Tentu saya hanya berani mengatakan itu di dalam hati. Yang benar-benar keluar dari mulut saya adalah “Waktu itu kamu tidak merancap sendirian, lho. Kamu melakukannya bersama banyak orang lain, termasuk pria-pria paruh baya buncit yang bertelanjang dada dan bersarung dari Gandrungmangu dan Watukumpul dan Rangkasbitung.”

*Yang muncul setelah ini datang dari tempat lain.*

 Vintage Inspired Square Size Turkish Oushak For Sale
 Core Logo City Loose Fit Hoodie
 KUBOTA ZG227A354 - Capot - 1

Pemilik akun Twitter @bebiben tampaknya mengerti benar tentang kolektivitas tersebut. Sehari setelah pemilu legislatif 2014, ia menyampaikan salah satu nasihat politik terbaik dalam dekade ini: “Coba MNC Group idupin 'Kuis Bisik-Bisik Tengah Malam' lagi, saya yakin perolehan suara Hanura bisa mencapai 50 persen.” Beberapa menit kemudian, pedal gas diinjaknya makin dalam: “WIN-HT [Wiranto-Harry Tanoesoedibyo] sih oon, bikin kuis kebangsaan, bukannya ngidupin kuis bisik-bisik tengah malam lagi. Lihat tuh akibatnya.”
Ditambah kenyataan bahwa di Youtube terdapat belasan klip kuis Bisik-bisik (sebagian diunggah pada 2016) dengan penayangan masing-masing sebanyak ribuan hingga ratusan ribu kali, menyebut acara itu diminati banyak orang tentu tidak berlebihan. Untuk memastikannya, tim riset tirto.id mencoba melacak rating dan pendapatan kuis Bisik-bisik.

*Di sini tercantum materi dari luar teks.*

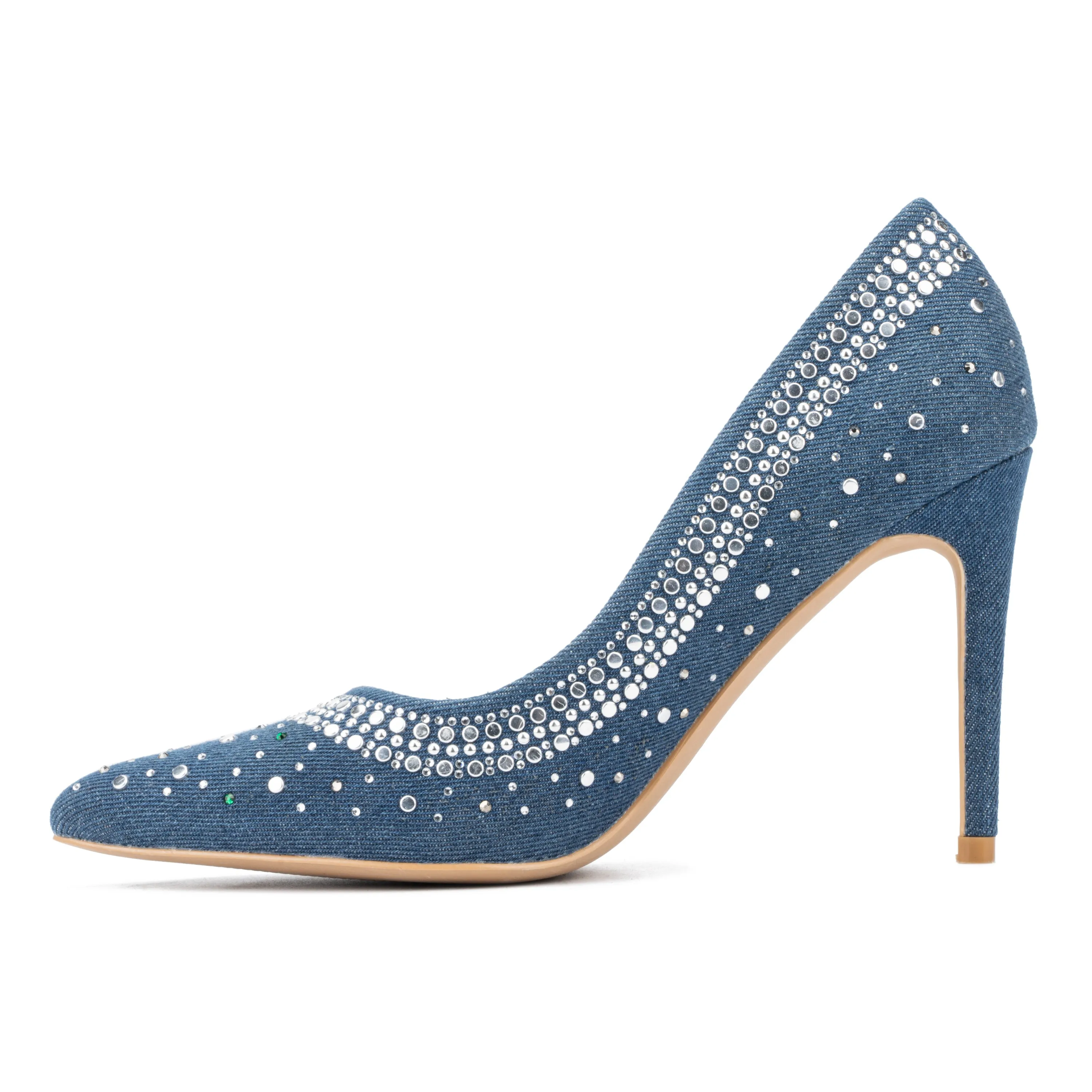 Calliope Embellished Pumps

Hasilnya nihil, bahkan informasi dasar tentang acara itu pun beredar nyaris sebagai desas-desus. Tidak ada keterangan yang jelas tentang jadwal dan masa siar, juga alasan penghentian penayangannya. Kuis itu dibicarakan di banyak forum internet dan blog dan media sosial, tetapi absen dari situs resmi MNCTV (nama TPI sejak 20 Oktober 2010) serta laporan tahunan MNC Group.
Saya kemudian menelepon MNCTV pada Jumat, 29 Juli, pukul 3 sore. Panggilan terhubung dan saya bicara dengan orang-orang dari bagian arsip dan program. Terakhir, suara seorang perempuan meminta saya menghubungi mereka lagi paling cepat 2 jam setelah itu, sebab orang yang mungkin mengerti urusan tersebut sedang rapat dan rapat itu masih akan lama. Pukul 5 lebih 40 menit, saya kembali menelepon, berkali-kali. Semua panggilan tersambung, tetapi di seberang sana gagang telepon tidak diangkat.

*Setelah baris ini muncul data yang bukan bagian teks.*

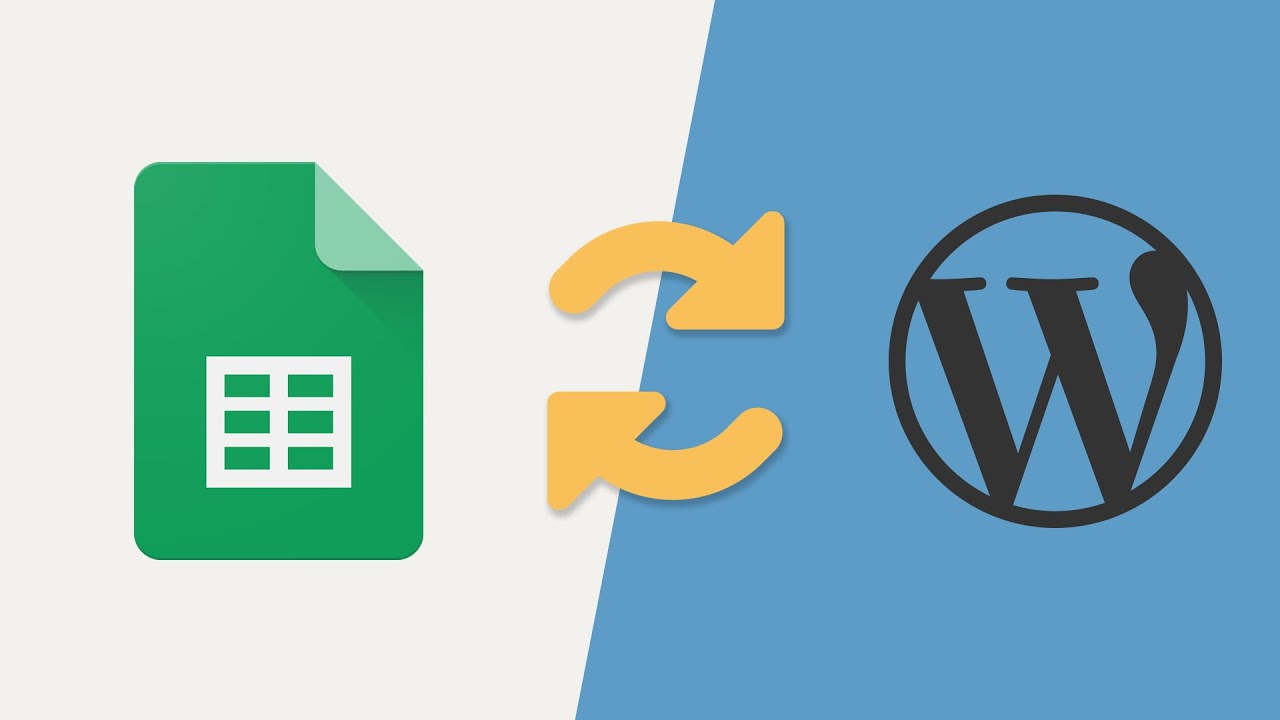 Импорт Google Таблиц в WordPress [Автоматическая синхронизация]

Yeyen Lidya, yang juga saya hubungi lewat telepon, hampir tidak ingat apa pun tentang kuis Bisik-bisik, kecuali bahwa ia pernah bekerja di sana selama sekitar dua tahun (tidak ingat persisnya kapan), jadwal tayangnya Senin hingga Jumat, dan acara itu dibawakannya bergantian dengan beberapa orang lain. Ia tidak ingat kapan acara itu berhenti tayang, juga sebabnya. Sejumlah klip kuis Bisik-bisik diunggah ke internet pada 2009. Itu berarti, ia tak mungkin tayang pertama kali di televisi pada tahun-tahun setelahnya.
Entri paling awal terkait kuis berhadiah di situs resmi Komisi Penyiaran Indonesia (KPI) adalah dokumen bertanggal 05 Juli 2011, yaitu siaran pers tentang evaluasi bersama Kementerian Sosial, kepolisian, serta sejumlah lembaga swadaya masyarakat dan ormas. Hasilnya muncul setahun kemudian sebagai imbauan terhadap “setiap lembaga penyiaran … agar melakukan evaluasi internal dan memastikan program siaran telah mengikuti peraturan yang berlaku.”
Karena judul-judul acara yang dimaksud tak disebutkan, tidak dapat diketahui apakah kuis Bisik-bisik masih disiarkan pada waktu itu dan dengan demikian termasuk yang dievaluasi. Namun, jelas bahwa acara itu (dan beberapa tayangan serupa) sudah disiarkan sejak bertahun-tahun sebelum evaluasi itu digelar. Dan peraturan yang berlaku, yakni Pedoman Perilaku Penyiaran dan Standar Program Siaran (P3SPS) yang melarang “eksploitasi bagian-bagian tubuh yang lazim dianggap membangkitkan birahi” (pasal 50 ayat 3), sudah ada sejak tujuh tahun sebelumnya.
Apakah mungkin keterlambatan itu tersebab aduan masyarakat baru masuk pada 2011? Tentu tidak. Kapan, memangnya, negara ini kekurangan stok moralis?